When Feng may not be wind, Shui may not be water.

Feng‧Shui, 29 May 2006, 8pm, Kwai Tsing Theatre Auditorium

This is a double bill with Feng being choreographed by Daniel Yeung and Shui by Mui Cheuk Yin. ‘Feng’ and ‘shui’ literally mean wind and water in Chinese and ‘Feng Shui’ together means the geomancy of how to harmonise the five elements on earth, a concept that is ingrained in the Chinese culture.

Feng
The dance started with a prologue happening downstage whilst the audiences were getting into the auditorium with the house lights on. When the house lights dimmed and the audiences started to focus on how the dancer Chan Yi Jing reacted to other dancers’ tickling by blowing air onto his body, it was expectedly disturbing that the house announcement was broadcasted, not to mention the funny pictures reminding the same things on the LED monitor right above the cyclorama.

Despite all the disturbances, Chan Yi Jing’s performance accompanied by and going well with the music played by wind instrument in ‘Feng: from “Chi" [sic] to Wind’ was breath-taking. His swift yet powerful movements induced the imagination of the audience of the flowing of qi. The sudden fall of the dancer underneath the stage along with the halt of the music raised audience’s expectation of more stunning dances to come.

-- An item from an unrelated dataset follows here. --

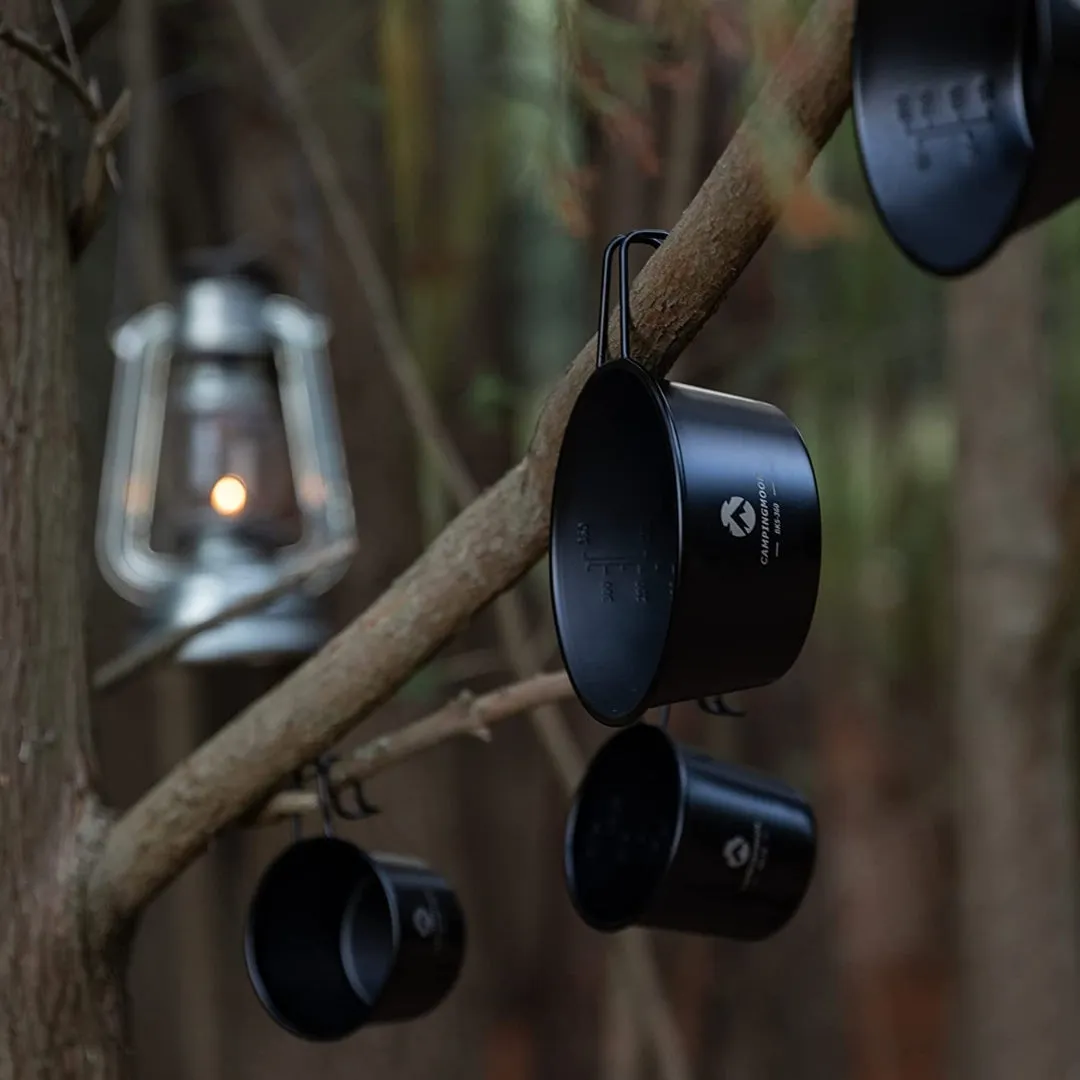 Campingmoon Sierra Bowl Black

Honestly, what’s next was no more impressive than what had already been shown – the choreography, as well as the lighting. At the beginning, the lighting was minimal and sharp as the movements. It simply made the dances more vivid. However, the repetitive contrasts of colours went cheesy as the consecutive repetition of line of movements.

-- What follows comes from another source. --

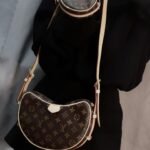 Louis Vuitton Monogram Croissant MM Crescent Shoulder Bag 25cm The Iconic 2-in-1 13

The visuals were generally terrific in fact. The galloping of the clouds projected on the layered white cloths was heavenly, especially so when the dancers free-walked in the clouds. The projection of the ink dancing in the water was also poetic, although I find little association with the theme wind or qi (though it ironically matches with the theme of this very part of the dance – ‘Gone with the wind’.) I was expecting that it might be providing some links to Mui’s piece about water, but either it was too much of my expectation, or the link was missed due to the cancellation of the performance at the foyer during the intermission. Xing Liang’s flying to end the piece was certainly sacred and angelic but it was also pitiful that the usual lustre of such an outstanding dancer was not shown.

Shui
One can hardly not associate the opening scene with Lin Hwai-min’s Moon Water or the choreographer’s own signature piece, Awaking in a Dream. Either it’s because Mr. Lin used the mirror with water too well, or the analogy of water with the reflection of mirror too cliché that I could not shake away the preconception of Moon Water for quite some while until the turn of the mirror showing the water pipes let me realise that Mui has also successfully stepped out her previous shadow.

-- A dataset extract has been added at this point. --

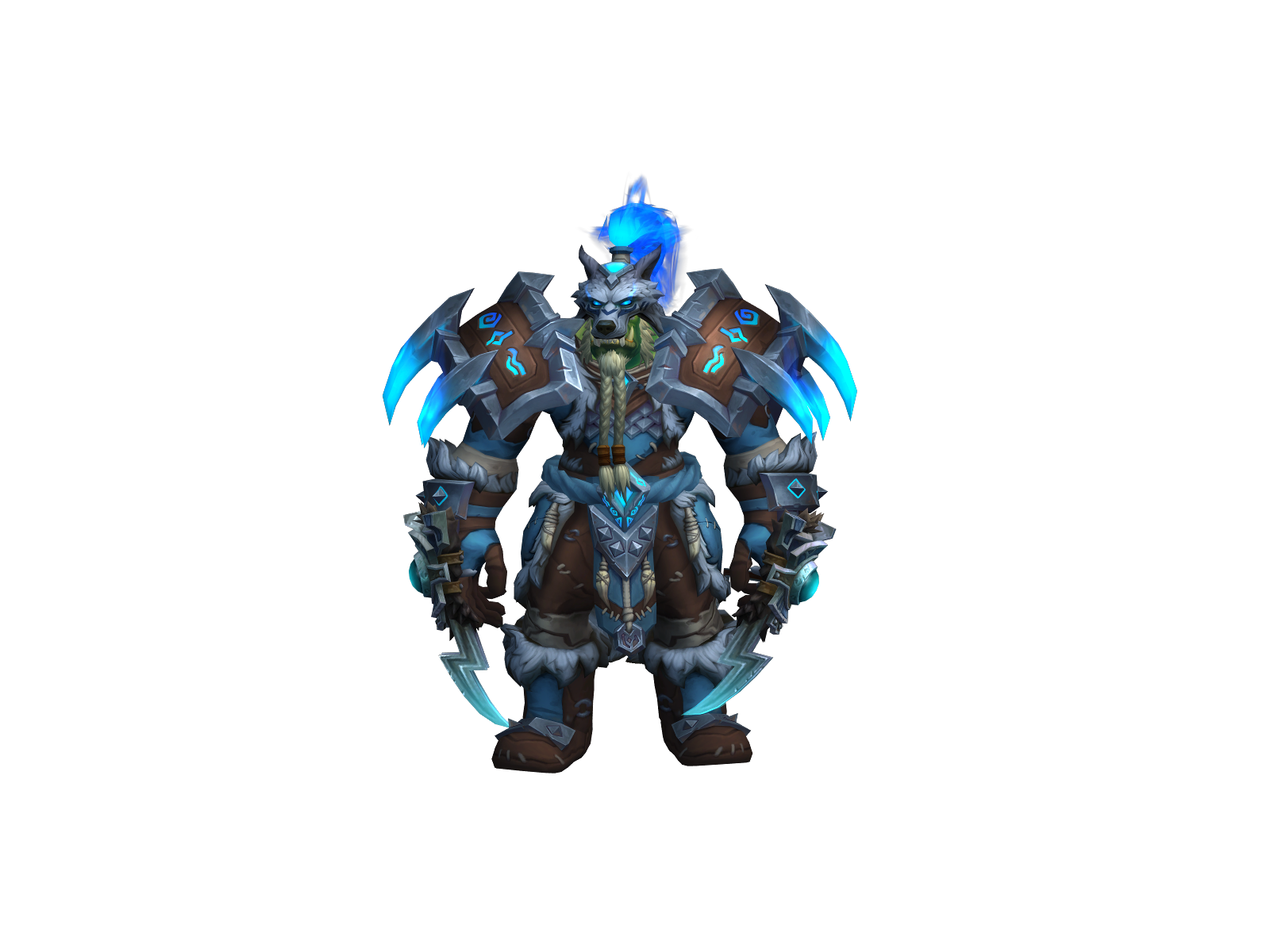 Aurtious 3D character render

Despite the change of tone and style, Mui continued to resort to extensive use of props. This time metal balls in ‘Tears’ are her objects. It rings a bell that the metal balls are like raindrops or mercury transforming from the icy mirror, solid state of water. However, the metal balls are not easy at all for the dancers to toy with – it is yet more difficult for the audience in a 900-seat auditorium to apprehend the microscopic manoeuvre.

Likewise in ‘Swirl’, no matter how hard the dancer (Wu Yi-san) was making swirls with the water in the basin made of clear glass, and even though the swirls were projected, it was like storm in a teacup – the stage effect was far too minute. The idea of real time projection of what’s happening in water was not new. The South ASLI Group (南群舞子) had the same trick quite some years ago. There was nothing wrong with the borrowed wits, but it just built up audience’s expectation of how this wit would be related to the theme.

Later a female dancer (Wu Ying-san), in disguise of a goldfish danced in the basin whilst singing. It was indecipherable what this meant and how it was linked to the theme other than the association of water in an aquarium, especially when the song-singing became hysterical in the end for some reasons the audience might not know of.

One cannot go without mentioning the technical defects. The sudden lights up and the projection showing ‘SUPER DVD’ bothered the audience to a serious extent. It waws even doubtful as to whether the moist on two-sixths of the mirror was intentional or defective.

Dance is a special art form. Beautifully choreographed movements can please the eyes of the audience. Modern dance is appealing because it adds meanings to those movements. However, when both choreography and meaning are not communicated to the audience, the artists may easily fall into their own self-indulgence.